Can vacation rental house rules be enforced without a platform?
Yes. When you book direct through a platform like Houfy, you own the guest relationship completely. Your house rules form part of your rental agreement, and any violations — unauthorized pets, smoking, occupancy breach — give you grounds to charge against the security deposit or pursue a claim. Having rules stated clearly in writing, acknowledged at booking, is the foundation of that enforcement.
What happens when a guest breaks a vacation rental house rule?

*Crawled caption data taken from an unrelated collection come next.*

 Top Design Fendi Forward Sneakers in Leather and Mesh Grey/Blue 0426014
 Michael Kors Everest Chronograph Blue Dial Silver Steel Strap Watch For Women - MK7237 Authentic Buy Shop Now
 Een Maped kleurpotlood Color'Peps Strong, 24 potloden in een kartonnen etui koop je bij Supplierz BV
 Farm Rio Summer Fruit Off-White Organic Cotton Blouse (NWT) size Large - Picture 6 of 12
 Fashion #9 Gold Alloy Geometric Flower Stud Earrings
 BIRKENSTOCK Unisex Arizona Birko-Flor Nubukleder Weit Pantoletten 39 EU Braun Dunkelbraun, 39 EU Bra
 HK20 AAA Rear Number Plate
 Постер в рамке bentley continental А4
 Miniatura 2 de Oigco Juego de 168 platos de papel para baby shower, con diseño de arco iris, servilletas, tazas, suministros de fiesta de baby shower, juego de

Your response depends on the severity of the breach. For minor issues (slightly late check-out, an undisclosed extra guest), a direct message resolving the situation is usually enough. For serious violations (a party, undisclosed smoking, property damage), charge against the security deposit with documented evidence: photos, messages, noise sensor data if applicable. Clear rules with stated consequences make this process much cleaner because you have something specific to point to.
Should vacation rental house rules differ by platform?
The core rules should stay consistent across every channel — your no-party rule is not negotiable regardless of where the guest found you. Tone and length may vary: some OTA platforms limit how many characters you can use, which forces brevity. On your own direct booking profile or a platform like Houfy, you have full control and can write rules at whatever length and tone best represent your property.
Do vacation rental house rules hold up legally?
House rules function as part of your rental contract. They are not a replacement for a proper rental agreement, but when a guest has read and acknowledged them at booking, they carry weight in deposit disputes and small claims situations. For properties in jurisdictions with strict STR licensing requirements, specific rules around noise, occupancy, and events can also help demonstrate compliance to local authorities. Consult a local attorney if your property sits in a highly regulated market.
How do you write a no-party rule that guests actually follow?
Specificity is what makes a no-party rule credible. "Please respect neighbors" does not tell a guest what "respect" means. "No gatherings beyond registered guests; violations result in immediate removal and deposit forfeiture" is unambiguous. Pair the rule with a monitoring method — a noise sensor, a neighbor check-in process, or a security camera at the front door — so guests understand that enforcement is real, not theoretical.
Should house rules appear in the listing, the welcome book, and inside the property?
Yes, all three. At the listing stage, rules set expectations and filter out guests who will not comply. In the pre-arrival message and welcome book, they serve as a reminder when guests are already committed to the stay. A printed card or framed house rules inside the property is a final touchpoint that removes any "I didn't see it" defense. Three exposure points is not overkill — it is standard practice for hosts who rarely have disputes.